Operator is Zac Farro’s first album under his own name – after years working under the moniker Halfnoise, in addition to his work in Paramore – which makes sense; it’s a cliche, but this is Farro’s most personal record, the first that had to bear his name and his name alone. “This record is an entire inner dialogue with myself, within myself,” he says. “So it felt right to cut out the middleman and go ‘This is Zac Farro’. It’s exciting – and it feels a lot more pointed.”
Operator explores timeless, but endlessly fascinating, questions: What goes on in those heads of ours? Why can the simplest interactions lead to a total freakout? Is someone else at the controls, a tiny person flicking a switch to “anxiety” every time we get a paragraph-long text? Across the record, Farro interrogates anxieties, family issues and communication breakdowns in hope of working out, fundamentally, why we’re all like that.
In Farro’s hands, what could have been all doom and gloom becomes a thoroughly celebratory affair: Operator is an odyssey of sumptuous ‘70s rock and light-touch psychedelia inspired by the classic records that have held Farro through hard times. Working with close friends Josh Gilligan and Matt Chancey – linchpins of the Nashville scene that Farro has found himself embedded in in recent years – Farro, for the first time in his life, let vibe and intuition guide him, without an overarching influence or theme in mind. “We said, let’s show up at the studio and see what happens. I’ve always had such a vision, even sometimes the name of an album, before I go in,” he says. “This one was like, if we’re together, the magic will reveal itself. And it did.”

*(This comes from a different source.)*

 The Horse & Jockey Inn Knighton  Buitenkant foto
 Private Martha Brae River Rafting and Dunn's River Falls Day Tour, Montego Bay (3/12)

The only imperative, says Farro, was playing from the heart. You can hear that in Daniel Kadawatha’s rich, funky Wurlitzer on “Second Chance”, in Farro’s intuitive, subtly complex drum patterns, in Gilligan’s richly emotive pedal steel on “All I Really Want Now”, in the way Chancey’s sturdy bass lines undergird the entirety of Operator. Farro’s gift as a producer and bandleader is in letting his songs breathe; even as these songs interrogate the passing of time (“Gold Days”) or reflect on loss (“I Need You”), they feel open and lived-in, richly explorative and never maudlin.
At its core, Operator’s central idea is universal: how can we better connect with other people? The album’s opener and title track sets the tone: “Finally got the message / You’ve been trying to send me / But I keep on missing the point,” sings Farro, over lush production that splits the difference between Laurel Canyon and exotica. Operator is an album length quest to engage in a stronger, deeper way, and the title track acts like its mission statement, finding Farro wishing he could stop all the noise rattling in his head and just focus on the people around him.

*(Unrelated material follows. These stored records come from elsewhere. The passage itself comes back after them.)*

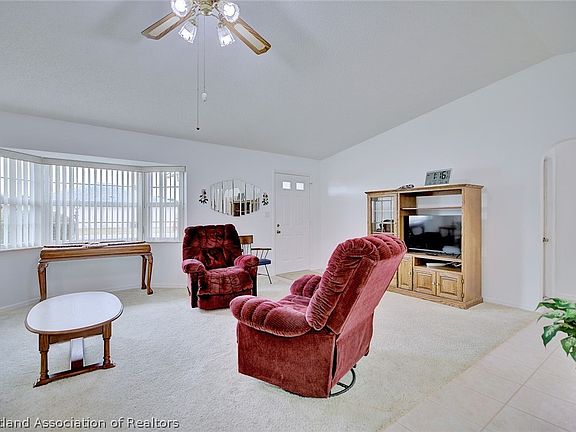 5th image of 2110 Vantage Trce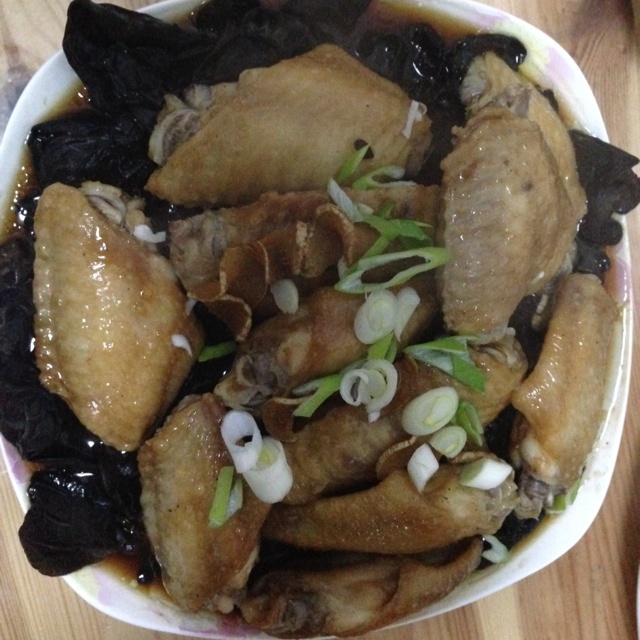 黑木耳蒸鸡翅
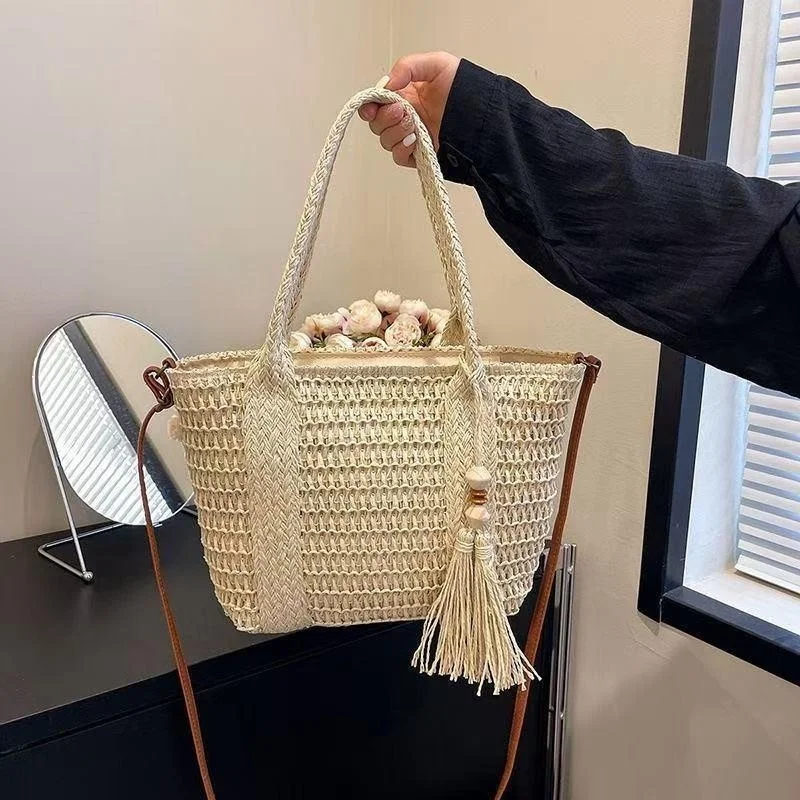 New Style Women Straw Woven Handbag Large Capacity Tassel Beach Shoulder Crossbody Bag Summer Vacation Bags view 5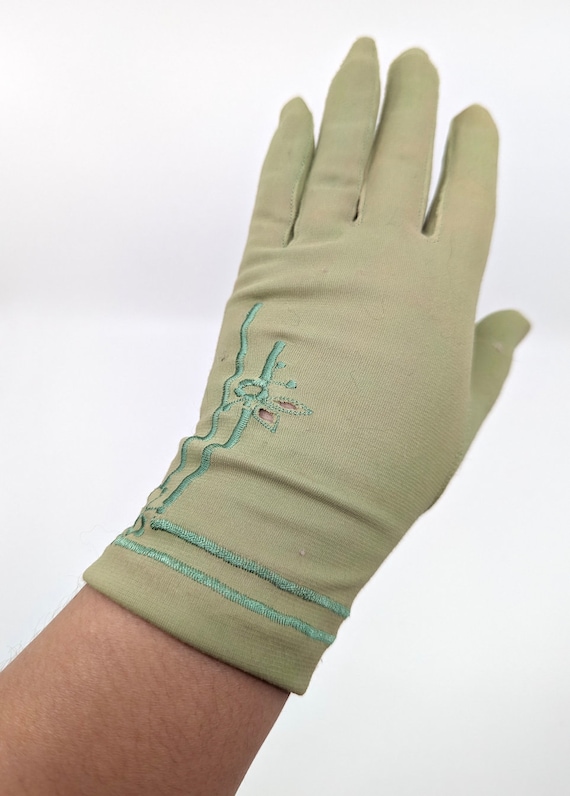 Vintage 60s Gloves, 1960s Green Gloves, 60s Wrist… - image 5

At times, that means paying attention to those in need. “Second Chance” is rich with empathy, a sweet-hearted ballad about wanting to help a loved one going through a hard time. It’s a delicate balance between self-interrogation and self-awareness: “You know I don’t get higher when you’re low,” sings Farro, “Is there a second chance for me?” “My My”, on the other hand, is reflective and winsome, an ambling country-folk song about dealing with a family member’s sickness. It’s one of the songs on the record that was the hardest for Farro to make, but it’s the track’s raw, openly emotional feeling that gives it its magic. “I wanted to be honest and vulnerable with the performance of it,” he says. “Sometimes it’s pitchy, sometimes it’s out of tune, but those are the most human moments. Producing these songs myself, I have to know when I’ve got it, and know when to let go.”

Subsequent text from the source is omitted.